» Data to use
════════════════════

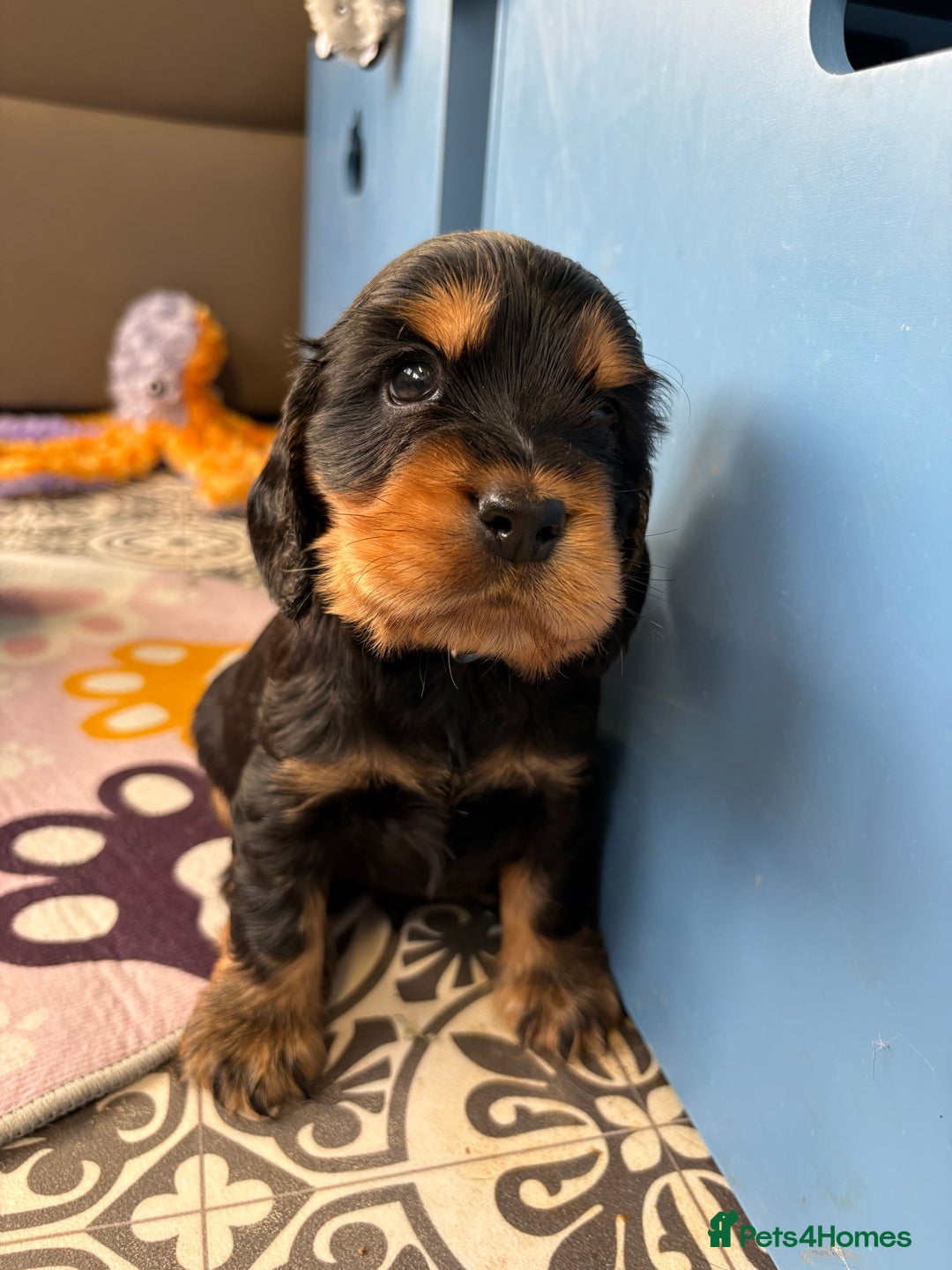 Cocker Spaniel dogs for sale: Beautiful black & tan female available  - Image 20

════════════════════

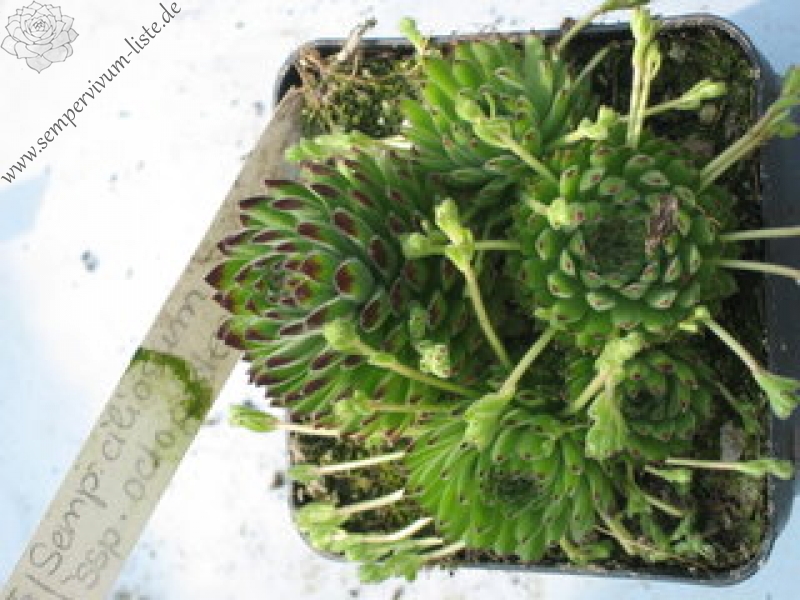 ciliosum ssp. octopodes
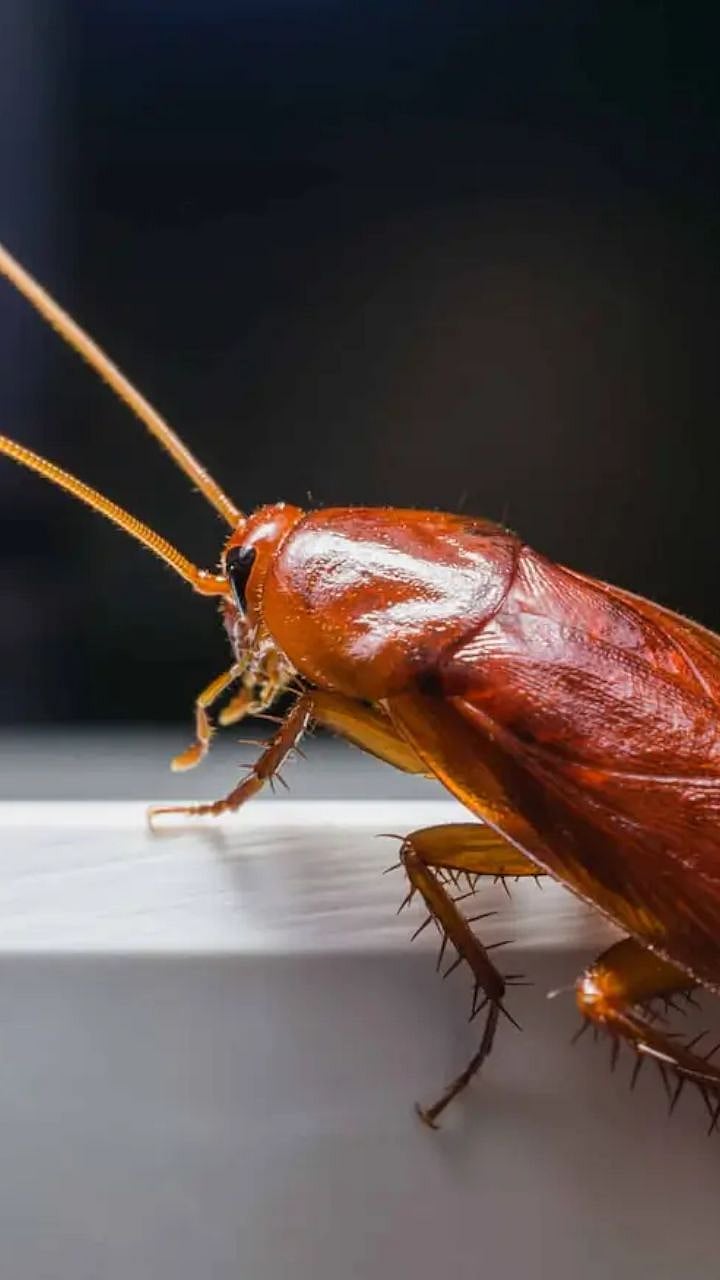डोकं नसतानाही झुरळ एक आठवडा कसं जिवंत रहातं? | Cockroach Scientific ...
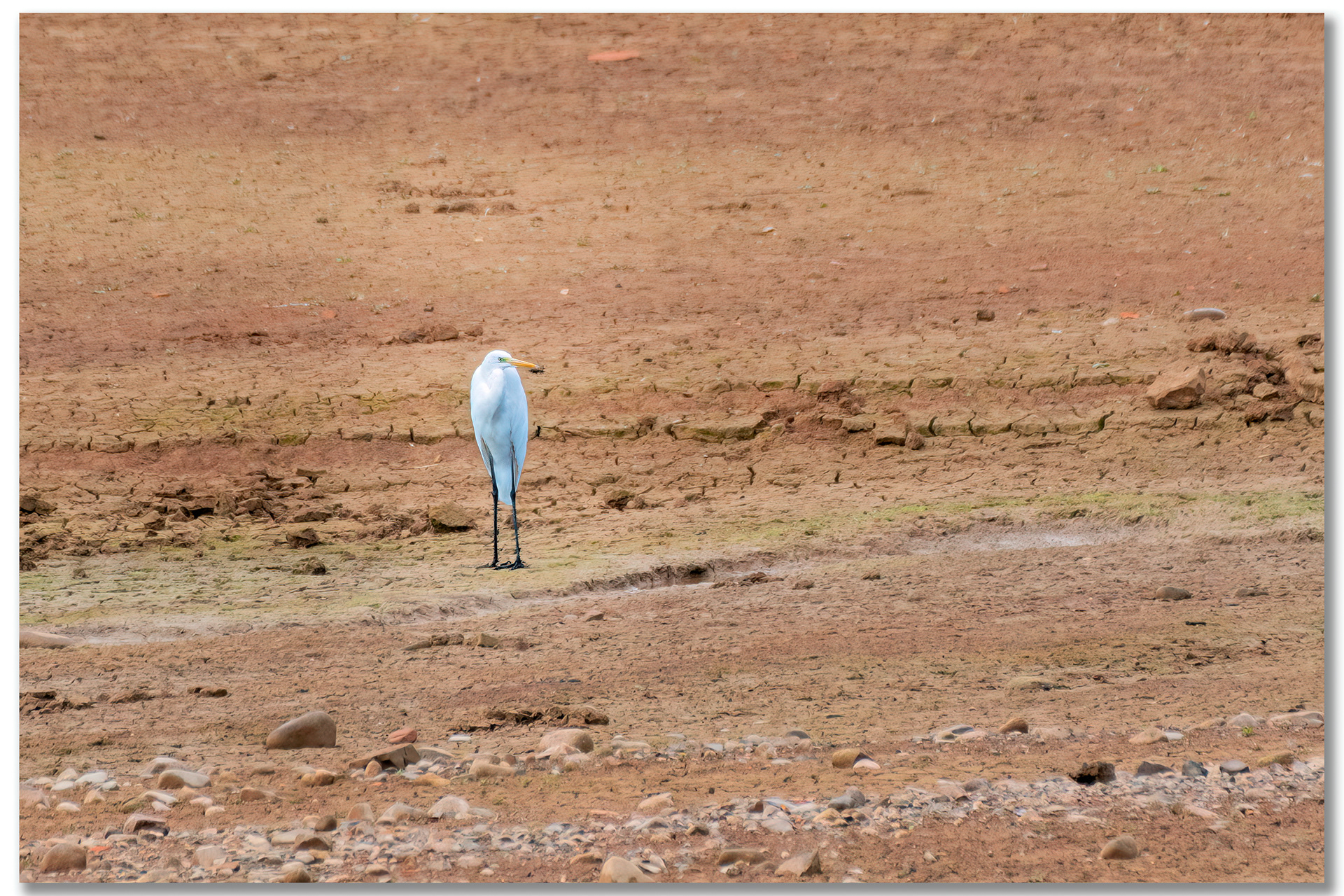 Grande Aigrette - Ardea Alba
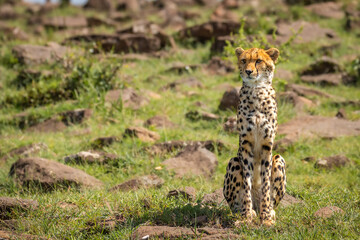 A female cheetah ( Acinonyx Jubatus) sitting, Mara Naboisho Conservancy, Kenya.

════════════════════

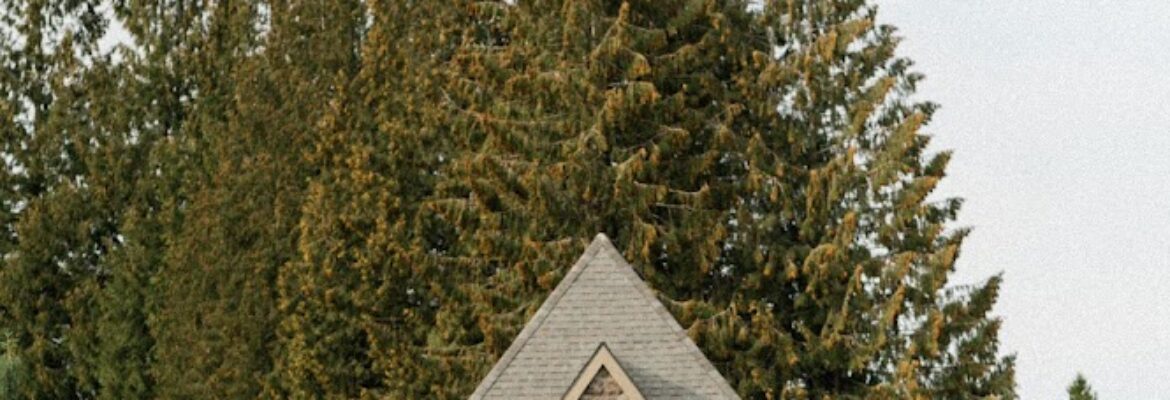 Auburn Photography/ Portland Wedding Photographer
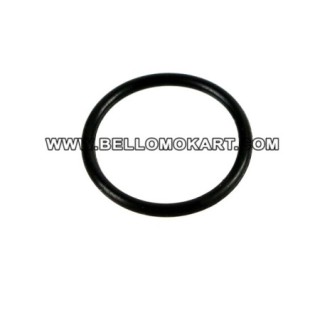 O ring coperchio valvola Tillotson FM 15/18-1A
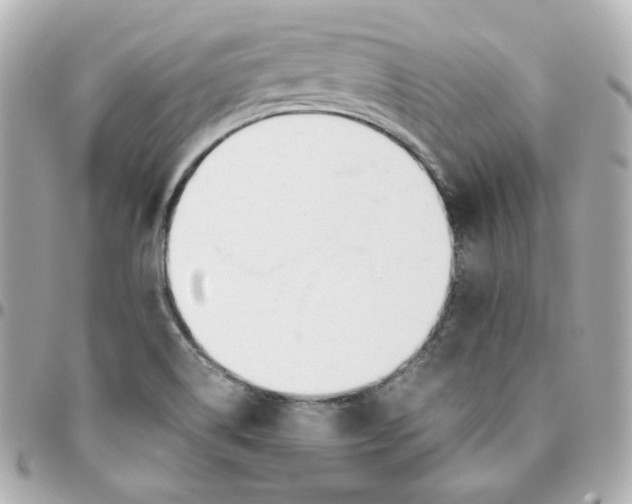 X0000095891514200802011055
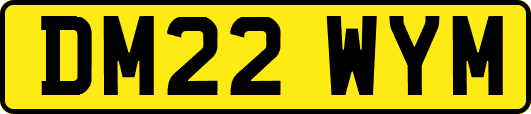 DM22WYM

════════════════════

» What you should do
Leaving all pictures out, output exactly the lines of the material above from the line with "Grande Aigrette - Ardea Alba" to the line with "A female cheetah", both included.

» Response to this exercise
 Grande Aigrette - Ardea Alba
 A female cheetah ( Acinonyx Jubatus) sitting, Mara Naboisho Conservancy, Kenya.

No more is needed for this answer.